Weird Assumption… Or Is It?

Tonight someone left a comment on my website, anonymously. The person simply left a letter in the space where a name or handle would go.

Now, perhaps it was just circumstance, the name being the initial of at least one person I am not really friends with anymore. It may also be what I think I recognize as a kind of conversational tic from that same person. Whatever it is, all I know is that I assumed the anonymous poster was someone I know. And yet in my response post, I behaved as if I didn’t know the person.

This, I think, is fascinating. It tells me a lot about the way I (and perhaps humans in general) infer about other people, and how we engage in interactions which can, on a certain level, be compared with other forms of “gameplay”. I’m thinking that a brief look at both of these might be in order.

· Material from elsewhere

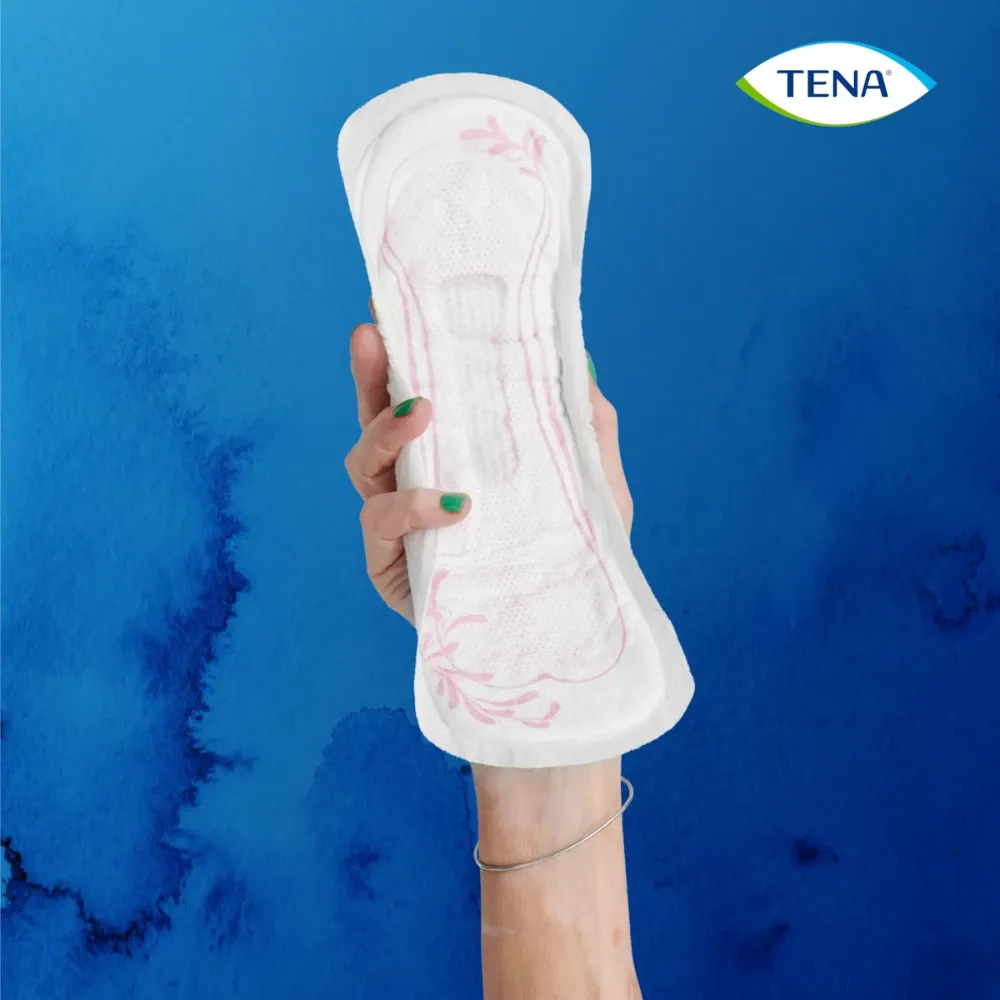 TENA Discreet Extra_5.webp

Firstly, the assumption that I know the person. This is difficult to explain. The reason is, the way I feel an urge to tell the story is this way: “I knew it was so-and-so the moment I saw the comment.” Now, it may well be that this lingering intuition is correct, after all, but the thing is, it was not the first and only intuition. Before that came another one, which was this: if someone is posting comments anonymously, and it’s not a spambot, then it must be someone I know personally. Why this should be so, I’m not exactly sure, but logically I suppose it doesn’t make sense for a stranger to comment anonymously. With a stranger, the anonymity (which is not only implicit in the comment, but outright declared) would be unnecessary, because after all I don’t know the person to begin with. Anonymity in this context doesn’t make sense with a stranger, not anywhere near as much as it would with someone I know personally, however vaguely. Could it be that what was triggered was some primal social instinct? I imagine it isn’t too far fetched to consider it possible. I would certainly imagine that suspicion, however idle, about the commenter’s desire for anonymity probably led to a rapid parsing for possible identities, whereby I would have gained the suspicion of the anonymous poster being a specific person I know.

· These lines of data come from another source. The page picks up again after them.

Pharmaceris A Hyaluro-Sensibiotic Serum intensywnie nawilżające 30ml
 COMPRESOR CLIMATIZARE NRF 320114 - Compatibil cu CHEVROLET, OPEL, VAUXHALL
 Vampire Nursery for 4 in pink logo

The second point is interesting too. If I had a strong suspicion about the motivation for the commenter’s anonymity, why did I play along as if I didn’t know the person? This, it seems to me, leads me back to the comment made by Merlin Donald in A Mind So Rare, the book about consciousness and neurology that I’m reading now. Donald points out that we humans are quite comfortable with our intersubjectivity… meaning the way that we interpret subjectively the actions and expressions of others and then, from within our own subjective viewpoints, express our interpretations with what are linguistically objective-appearing statements. Except that as humans over a certain age of normal brain development (I think it was age 7 or so) we all somehow also understand that these statements are intersubjective.

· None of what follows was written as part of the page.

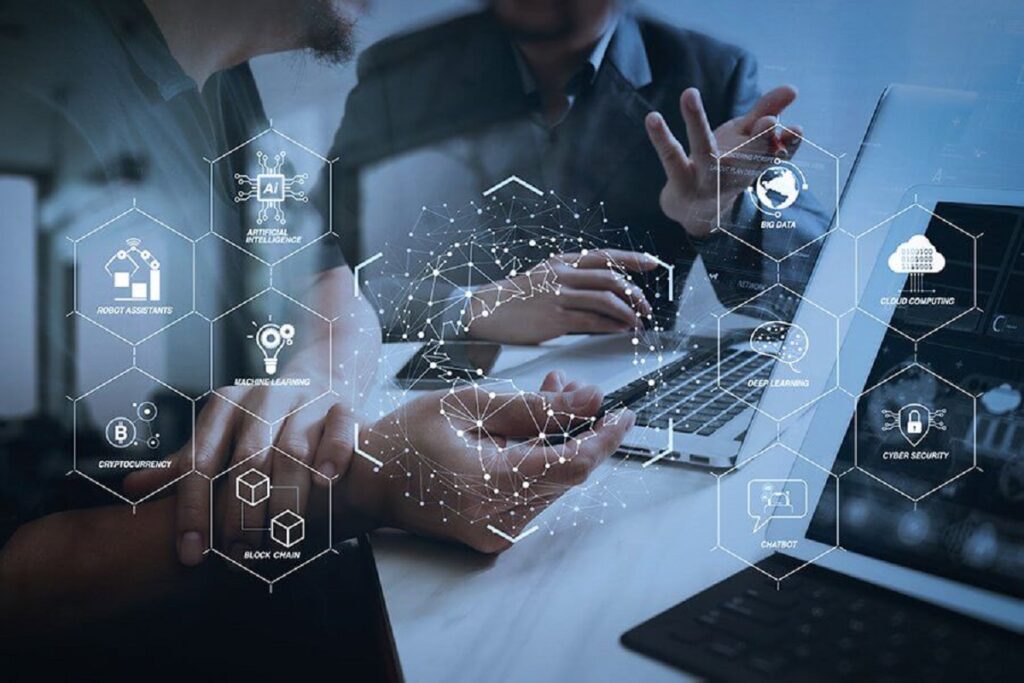 How Kashmiri Startups Are Rewriting Local Life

Meaning that even if I think I know the anonymous poster’s reasons for being anonymous, there’s a part of me that hedges bets that I may be wrong, and that treating my own subjective response to the stimulus is socially risky for a number of reasons: it could lend me an air of paranoia and instability (rendering me a possibly unreliable ally), or if it’s simply a mistaken intuition, it could drive away a stranger of potentially good will—a potential ally—. It seems to me that there’s a rather sophisticated kind of social gameplay involved in this interaction, one that, while it might be impossible in the kinds of environments we humans evolved in, still reflects the kinds of social interactions we were, during our long evolution, programmed for.

Right, this self-analysis is now over. But… I am curious to know if I’m right about the anonymous poster’s identity.